- **Data provided**
*** Block opens ***

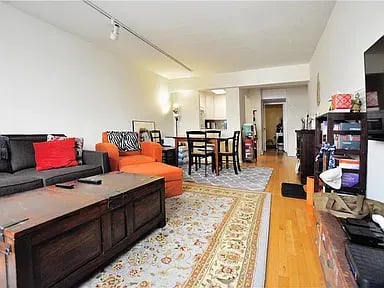 200 E 28th St APT 3G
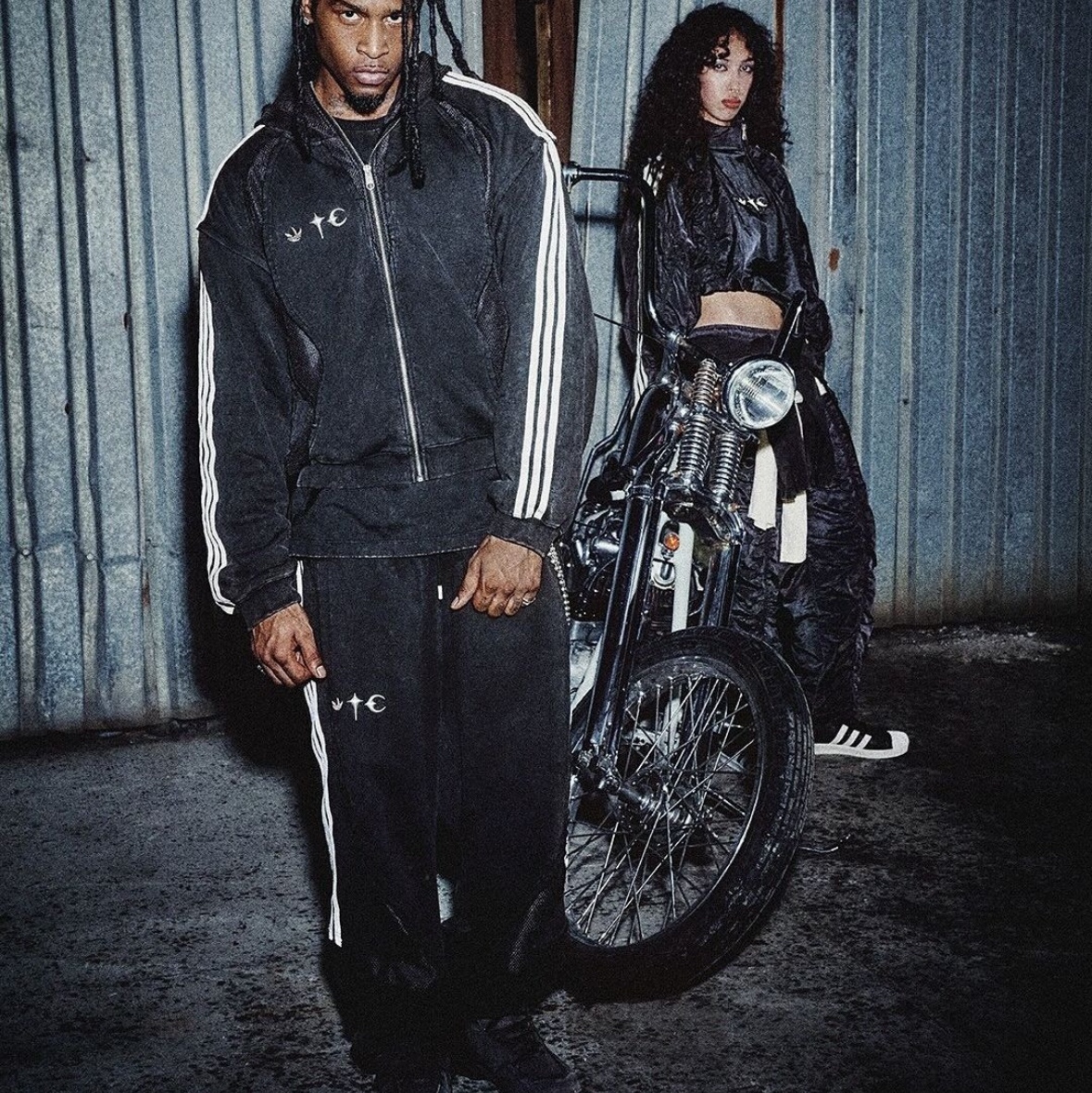 Adidas x Thug Club Teamgeist Sweatpants Black - US Sizing 착용 스타일 - 1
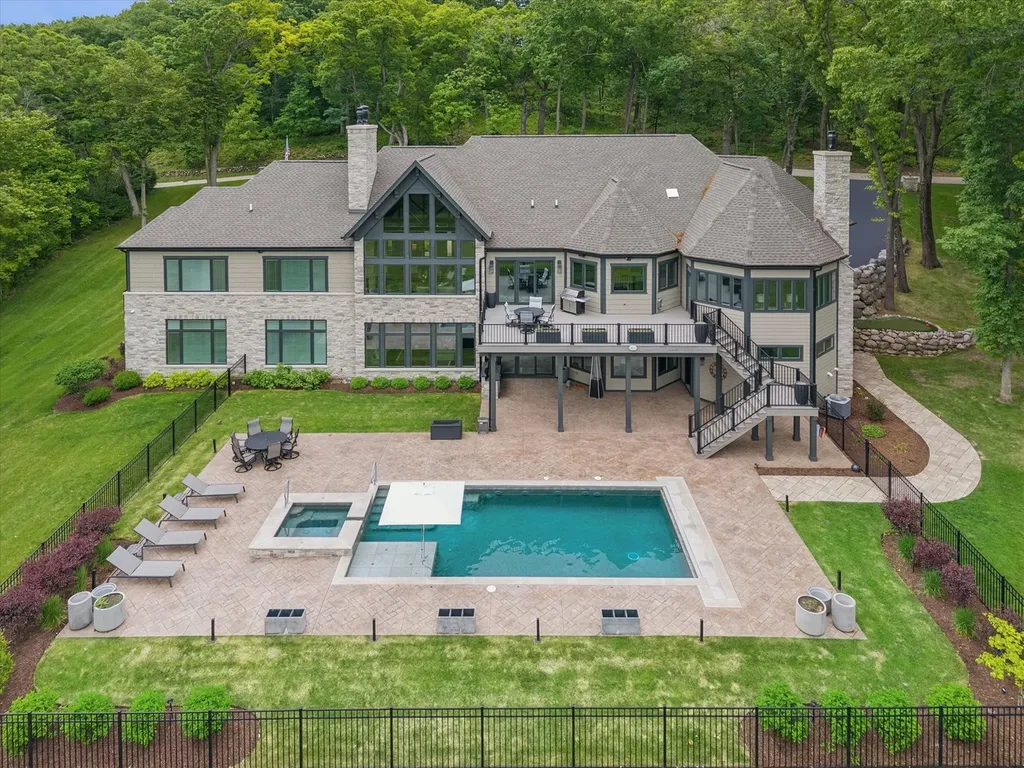 3873 Carlisle Drive Crystal Lake IL 60012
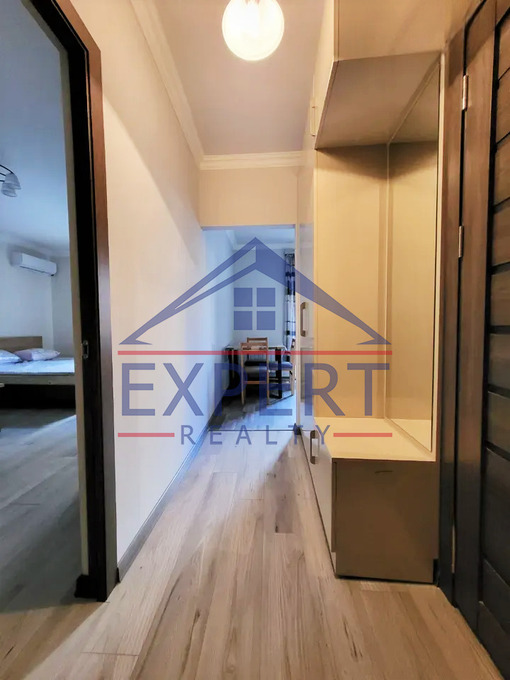 ԿԵՆՏՐՈՆ, ՆԱԼԲԱՆԴՅԱՆ ՓՈՂՈՑ, 1 ՍԵՆՅԱԿ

*** Block closes ***

- **Task instructions**
The lines from the one that contains "3873 Carlisle Drive Crystal Lake IL 60012" through the end of the data, repeated exactly and with no pictures, make up the whole answer.

- **Exercise solution**
 3873 Carlisle Drive Crystal Lake IL 60012
 ԿԵՆՏՐՈՆ, ՆԱԼԲԱՆԴՅԱՆ ՓՈՂՈՑ, 1 ՍԵՆՅԱԿ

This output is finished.